Thursday, January 17, 2013 by Kimberly Reeves

The city broke ground on two-dozen units of affordable housing on East 12th Street in East Austin on Wednesday, a testament to ongoing efforts of the Anderson Community Development Corp. to find its way back to being a viable, substantial force in the East Austin community.

 

The tale of Anderson CDC is one of the most striking, and telling, in the annals of Austin history. It’s the tale of the city’s redlining neglect, community cross-racial strife, failed economic endeavors and – community members now hope – some attempt to both preserve East Austin’s history and promote affordable housing.

 

“The vision is ever bolder, ever wider, all compassing,” said Freddie Dixon, who was in the crosshairs of early redevelopment efforts. “Our vision is for a whole new era of affordability on the East Side.”

 

Scott Lyles, a one-time employee of the Austin Revitalization Authority and current executive director of Anderson CDC, wants to emphasize the positive in Wednesday’s groundbreaking: after a decade of effort, construction now moves forward on East 12th Street; a reinvigorated partnership has been created with the city; and new leadership at Anderson CDC, led by board chair Sheldy Starkes, now sees affordable housing as attainable in East Austin.

 

“Anderson CDC has projects and plans to execute,” Lyles said after Wednesday’s groundbreaking ceremony. “We see the larger community, and the development that didn’t occur.
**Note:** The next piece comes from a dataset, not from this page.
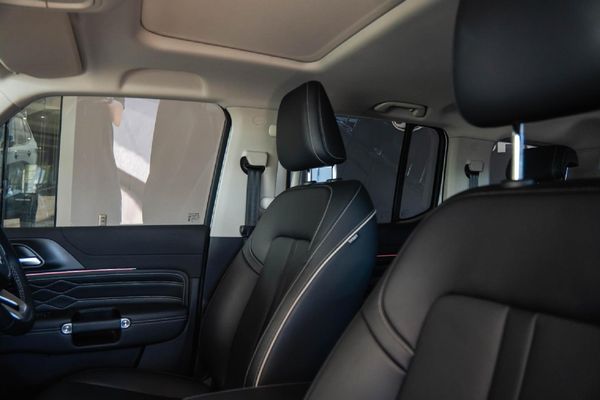 2025-GWM-Tank-300-24TD-Ultra-Luxury-4x4-Auto image:10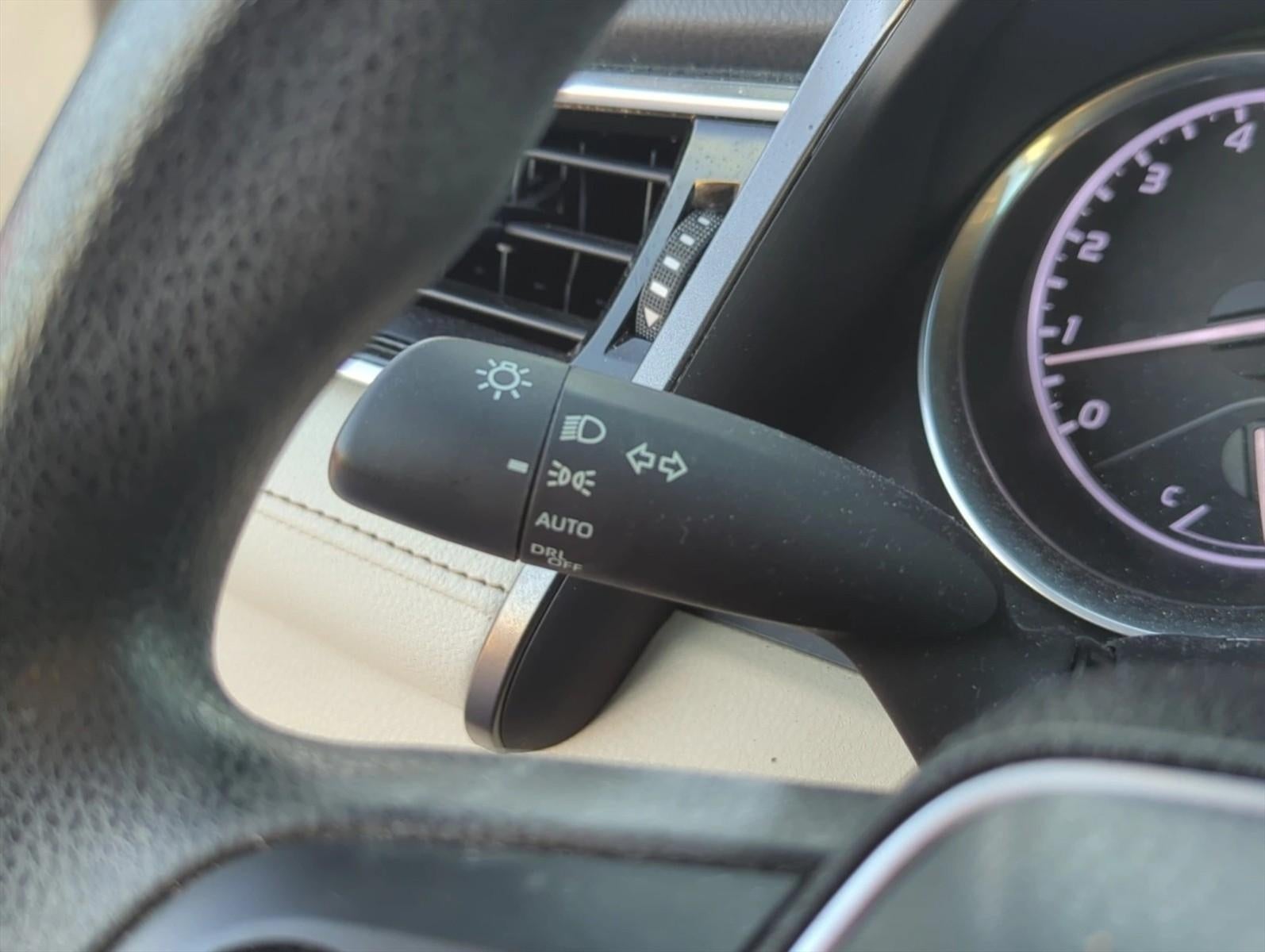 2018 Toyota Camry LE Auto (SE)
We can recognize that history, and we can look at it, and we can move forward from it with new development.”

 

A decade ago, Anderson CDC returned five-dozen properties it purchased with federal dollars to the city. And the city, in return, agreed to turn over a renovated Connolly-Yearwood House and two-dozen affordable units for management. The time line for that transaction was 2002. It now looks more like 2013.

 

Lyles wants to be upbeat, but it’s impossible to talk about East Side affordable housing, and how to maintain it, without a nod to the past. As recently as the early 1970s, the East Side was a place so segregated from the rest of Austin that it took then-Congressman Jake Pickle securing federal block grant dollars to pave streets and add streetlights comparable to the rest of Austin in those neighborhoods east of Interstate 35.

 

Dixon, who once faced indictment over his allegedly conflicted role in East Side redevelopment, has nothing to lose in telling a story of struggle and neglect and what he perceives to be the city’s continuing failure to address community needs.

 

“Though the city has been a great advocate, it also has been a great hindrance,” Dixon noted. “You look at the breakdown of the SCIP, the city not being as neutral as it should have been as it relates to community organizations and the fact the city moved so slow on the dreams we had for East 11th Street.”

 

SCIP would be the Scattered Cooperative Infill Program. The first phase produced 35 modest homes in Blackshear. Anderson CDC was unable to deliver on SCIP II, 100 single-family homes in a development known as Anderson Hill. The CDC’s properties were returned to the city for development.

 

Opposing sides can argue over whether the city has paid its pound of flesh on East Side failures in subsequent decades. A city board and various groups exist to cure that ill. The problem the East Side faces now, however, is gentrification, which Dixon attributes to Austinites who bought up East Side properties during the ‘80s downturn. Those same properties are now valued at prices so high they are pushing long-time Austinites out of the East Side.

 

Anderson CDC’s past administration – the current board likes to emphasize it is past and not new – had to return dozens of properties to the city after an inability to get a single-family housing project off the ground. Some, like Dixon, considered the city to be at cross-purposes with local residents, buying up property for redevelopment, while failing to deliver on affordable housing goals.

 

The Austin Revitalization’s Authority’s redevelopment of East 11th Street, however, is done. Today, Lyles and Anderson CDC have the goal of affordable housing. Others in the community, like Dixon, have turned their attentions to preserving the East Side’s historic fabric.

 

Lyles describes it as the three-pronged stool described by then-Council Member Eric Mitchell: Anderson CDC will concentrate on affordable housing. Groups like the Austin Revitalization Authority will focus on economic development. And Dixon and his group will focus on the preservation of East Austin history under the newly created African American Cultural District.